*BRIEF:*
Copy each line below exactly as it appears. Pictures are to be omitted.

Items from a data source
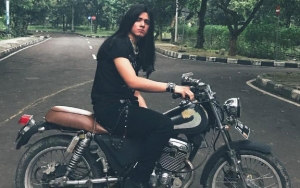 Penampilan Aliando Berubah Drastis, Ternyata Ini Alasan Panjangkan Rambut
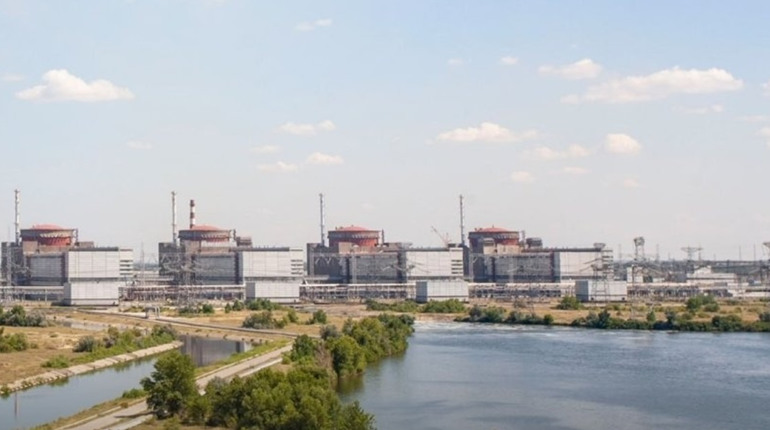 Рівень води у Каховському водосховищі впав до критичного. Поточна ситуація на Запорізькій АЕС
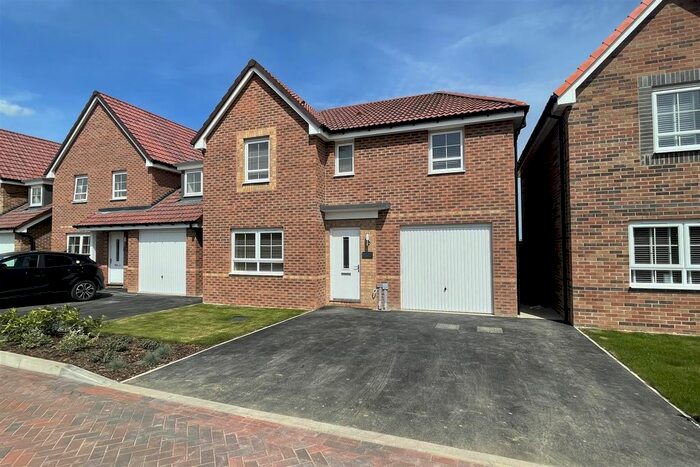 4 Bedroom Detached House To Rent In Butterfield Gardens, Bourne, PE10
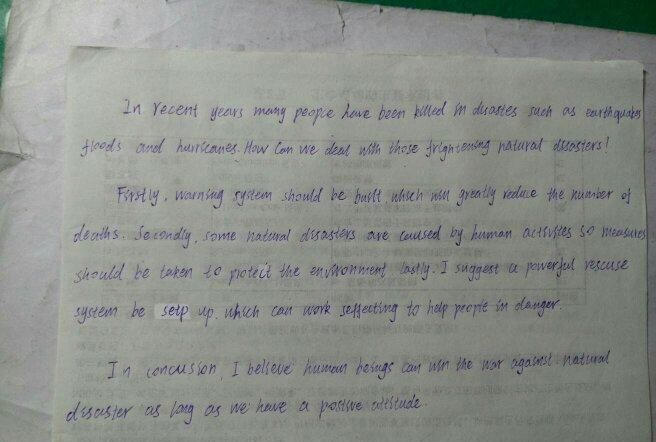 以英语语法令我头痛为题的作文
,英语语法对于我来说很头疼的英语作文图3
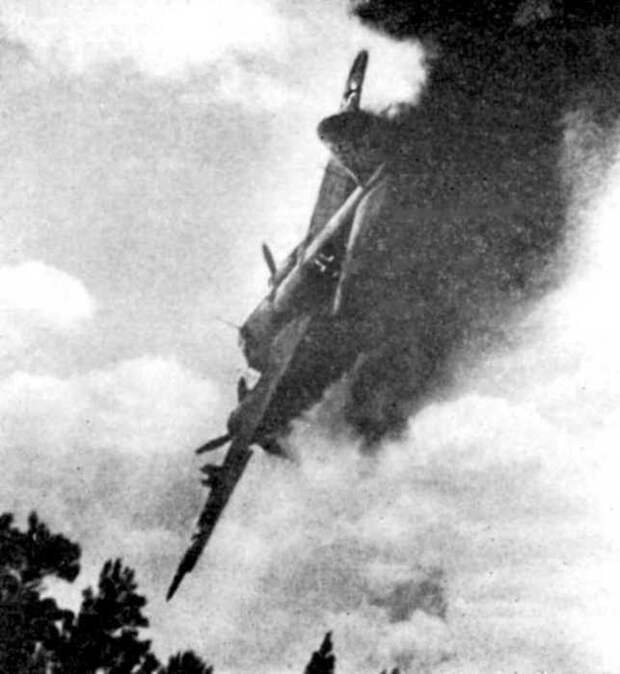 Подбитый самолёт врага стоил дорого. /Фото: history-doc.ru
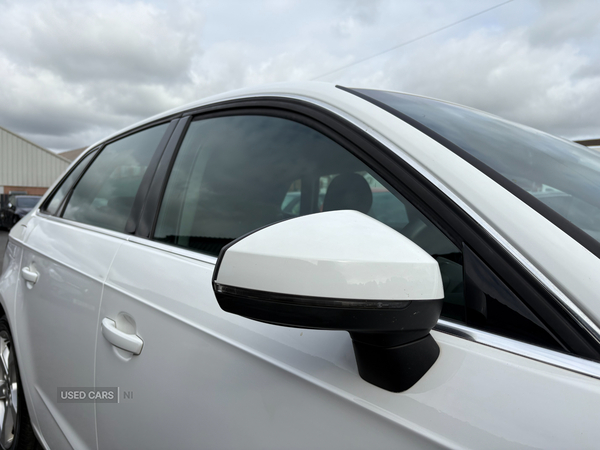 Audi A3 DIESEL SPORTBACK in Down
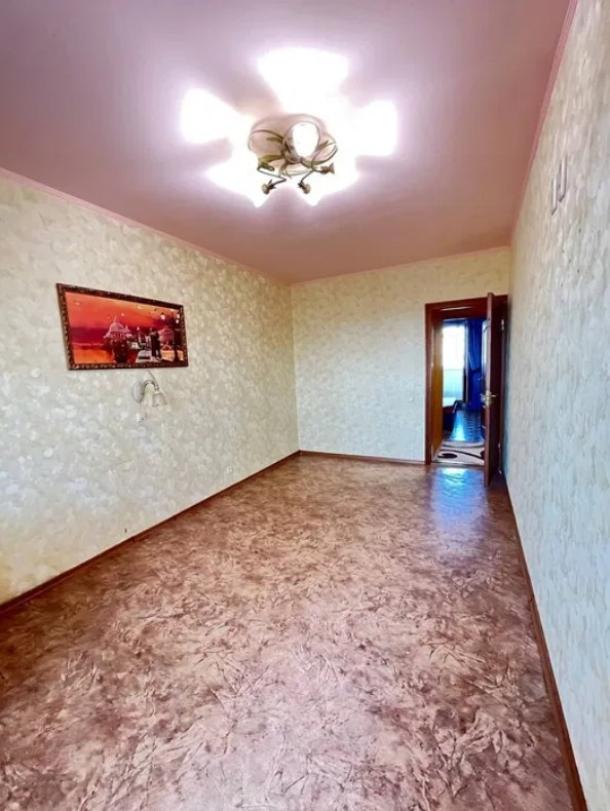 Квартира, 3-кімн., Харьков, 531м/р, Гвардейцев Широнинцев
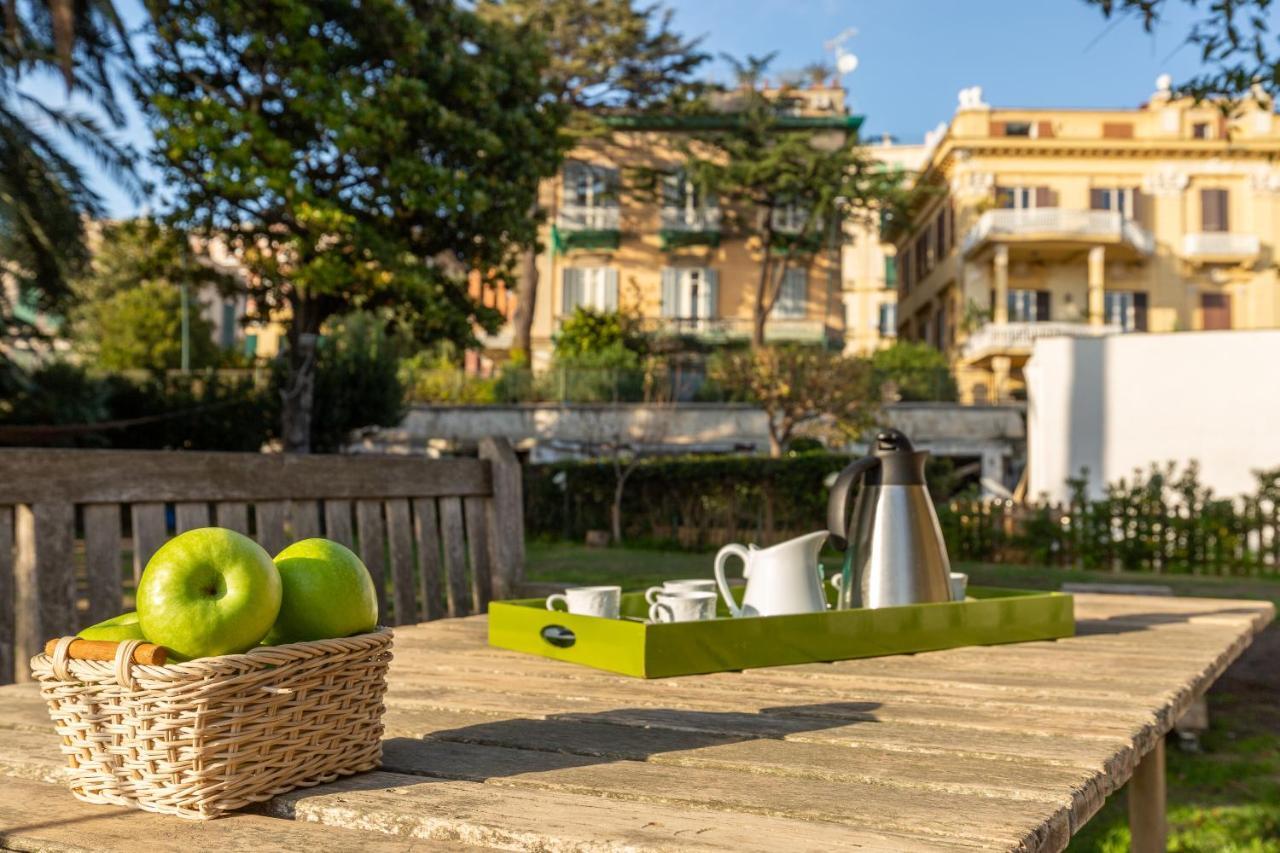Villa Kamyhouse Una Tranquilla Struttura Nel Verde à Naples Extérieur photo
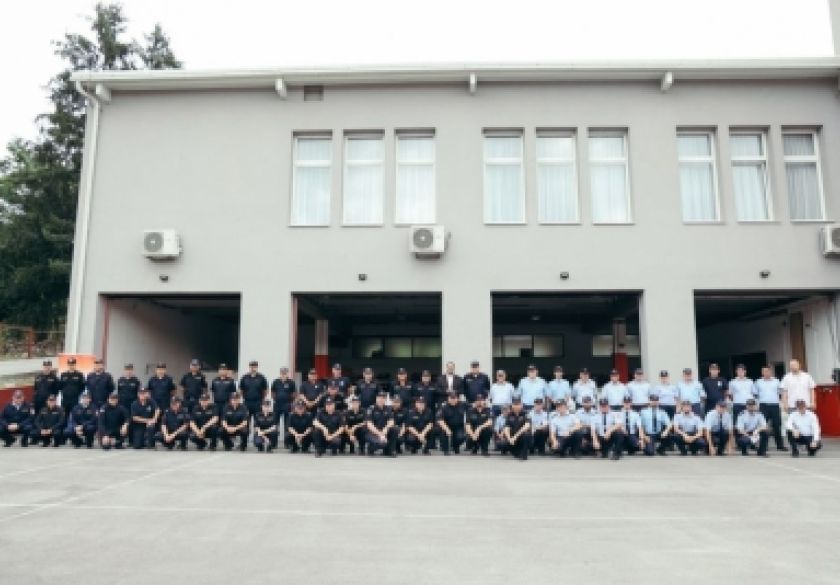 Požeško-slavonskim vatrogascima uručeno 715 kompleta osobne zaštitne opreme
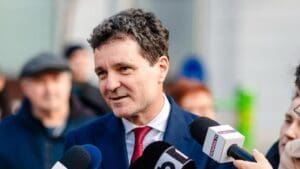 presedintele-nicusor-dan-va-avea-o-noua-runda-de-consultari-in-vederea-deblocarii-crizei-politice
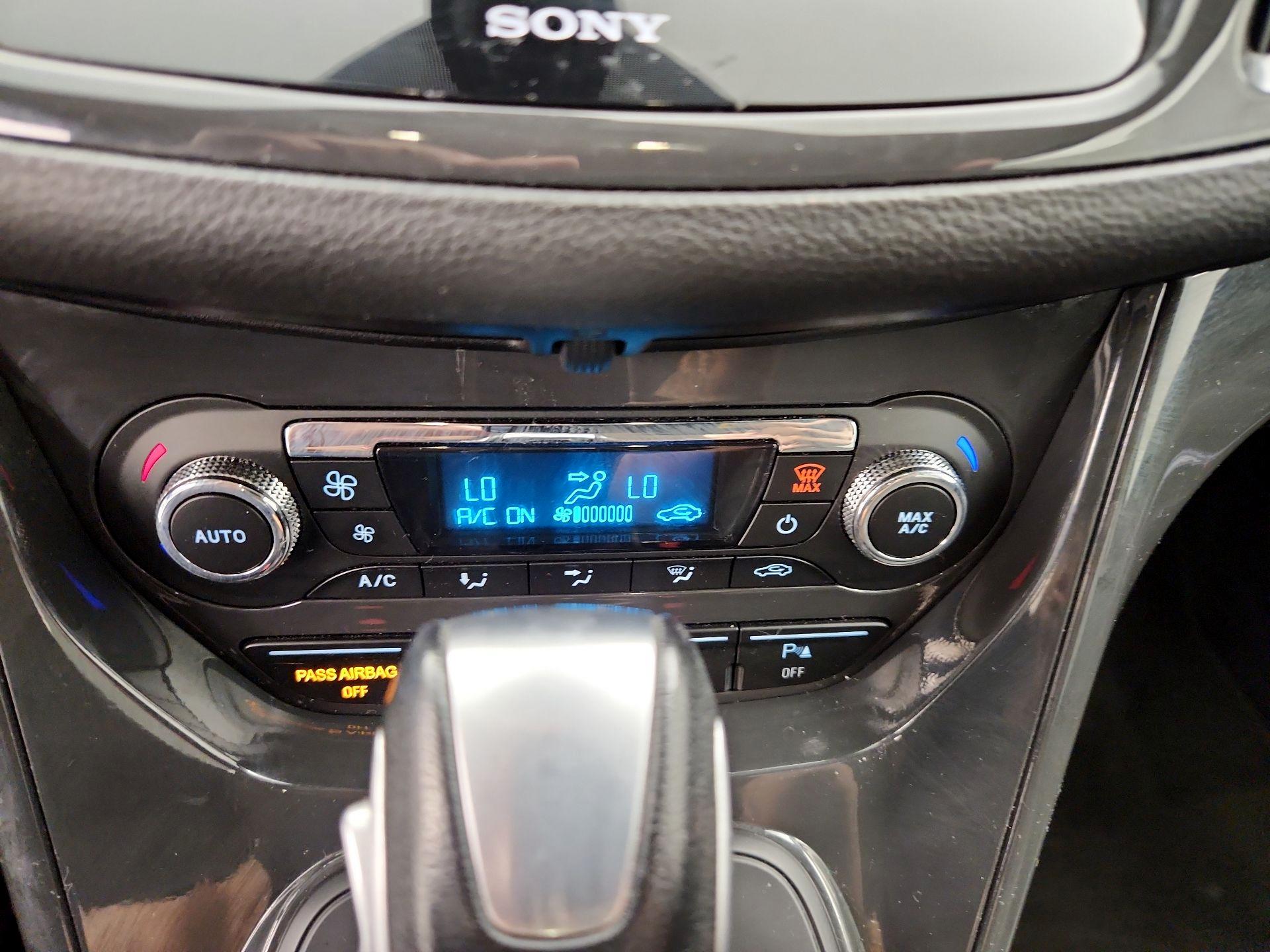 Thumbnail: 2016 Ford Escape - 16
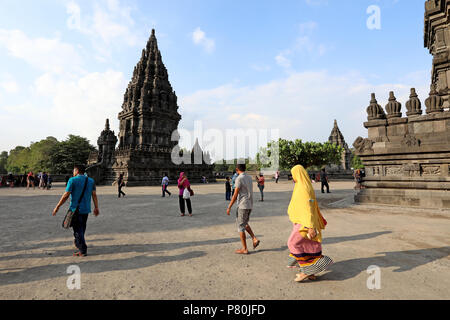 Jogjakarta, Indonésie - Juin 23, 2018 : les touristes se promener dans le temple hindou de Prambanan complexe, près de Jogyakarta Banque D'Images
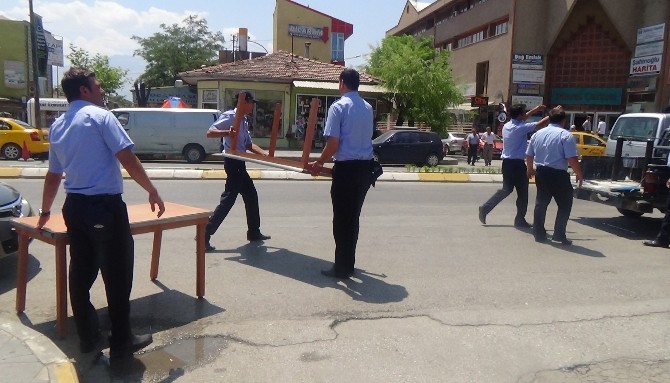 Erzincan’da Zabıtanın Masa Operasyonu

*RESPONSE TO THE EXERCISE:*
 Penampilan Aliando Berubah Drastis, Ternyata Ini Alasan Panjangkan Rambut
 Рівень води у Каховському водосховищі впав до критичного. Поточна ситуація на Запорізькій АЕС
 4 Bedroom Detached House To Rent In Butterfield Gardens, Bourne, PE10
 以英语语法令我头痛为题的作文
,英语语法对于我来说很头疼的英语作文图3
 Подбитый самолёт врага стоил дорого. /Фото: history-doc.ru
 Audi A3 DIESEL SPORTBACK in Down
 Квартира, 3-кімн., Харьков, 531м/р, Гвардейцев Широнинцев
Villa Kamyhouse Una Tranquilla Struttura Nel Verde à Naples Extérieur photo
 Požeško-slavonskim vatrogascima uručeno 715 kompleta osobne zaštitne opreme
 presedintele-nicusor-dan-va-avea-o-noua-runda-de-consultari-in-vederea-deblocarii-crizei-politice
 Thumbnail: 2016 Ford Escape - 16
 Jogjakarta, Indonésie - Juin 23, 2018 : les touristes se promener dans le temple hindou de Prambanan complexe, près de Jogyakarta Banque D'Images
 Erzincan’da Zabıtanın Masa Operasyonu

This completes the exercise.